§ **EXERCISE**
Once you reach the line containing "The following features", write out that line and every remaining line of the records exactly.
══ TASK DATA
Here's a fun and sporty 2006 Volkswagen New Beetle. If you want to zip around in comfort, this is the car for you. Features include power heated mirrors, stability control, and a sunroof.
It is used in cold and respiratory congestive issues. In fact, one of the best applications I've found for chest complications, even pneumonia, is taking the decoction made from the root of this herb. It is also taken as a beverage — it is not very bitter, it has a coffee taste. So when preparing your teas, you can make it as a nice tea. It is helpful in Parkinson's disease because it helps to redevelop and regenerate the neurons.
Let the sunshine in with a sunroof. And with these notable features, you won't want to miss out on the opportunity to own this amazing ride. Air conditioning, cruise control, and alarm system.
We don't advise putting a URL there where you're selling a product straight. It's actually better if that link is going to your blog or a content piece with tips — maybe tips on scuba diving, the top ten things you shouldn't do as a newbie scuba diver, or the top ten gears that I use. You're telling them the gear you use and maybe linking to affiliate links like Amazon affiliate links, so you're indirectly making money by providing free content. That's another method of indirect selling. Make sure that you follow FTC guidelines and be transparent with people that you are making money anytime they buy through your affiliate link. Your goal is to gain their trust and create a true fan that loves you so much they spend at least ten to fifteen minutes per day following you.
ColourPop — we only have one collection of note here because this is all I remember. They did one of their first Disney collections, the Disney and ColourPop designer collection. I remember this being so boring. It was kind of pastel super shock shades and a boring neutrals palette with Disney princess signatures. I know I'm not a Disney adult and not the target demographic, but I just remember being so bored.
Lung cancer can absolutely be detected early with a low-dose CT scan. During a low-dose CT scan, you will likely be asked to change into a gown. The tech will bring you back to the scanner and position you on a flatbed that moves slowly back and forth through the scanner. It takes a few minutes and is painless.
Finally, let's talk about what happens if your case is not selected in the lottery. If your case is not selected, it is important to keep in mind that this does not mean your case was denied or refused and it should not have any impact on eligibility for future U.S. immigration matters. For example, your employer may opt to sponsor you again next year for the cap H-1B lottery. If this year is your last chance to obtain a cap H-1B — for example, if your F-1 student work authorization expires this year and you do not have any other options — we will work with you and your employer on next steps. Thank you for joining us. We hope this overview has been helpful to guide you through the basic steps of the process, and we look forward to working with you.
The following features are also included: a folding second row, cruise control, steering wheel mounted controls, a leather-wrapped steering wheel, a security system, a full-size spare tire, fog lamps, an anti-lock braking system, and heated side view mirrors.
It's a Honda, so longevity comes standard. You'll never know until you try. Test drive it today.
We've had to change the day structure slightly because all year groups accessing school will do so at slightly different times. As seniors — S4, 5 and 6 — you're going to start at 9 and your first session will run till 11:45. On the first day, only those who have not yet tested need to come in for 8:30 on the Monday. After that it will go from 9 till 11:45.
════
§ **TASK RESULT**
The following features are also included: a folding second row, cruise control, steering wheel mounted controls, a leather-wrapped steering wheel, a security system, a full-size spare tire, fog lamps, an anti-lock braking system, and heated side view mirrors.
It's a Honda, so longevity comes standard. You'll never know until you try. Test drive it today.
We've had to change the day structure slightly because all year groups accessing school will do so at slightly different times. As seniors — S4, 5 and 6 — you're going to start at 9 and your first session will run till 11:45. On the first day, only those who have not yet tested need to come in for 8:30 on the Monday. After that it will go from 9 till 11:45.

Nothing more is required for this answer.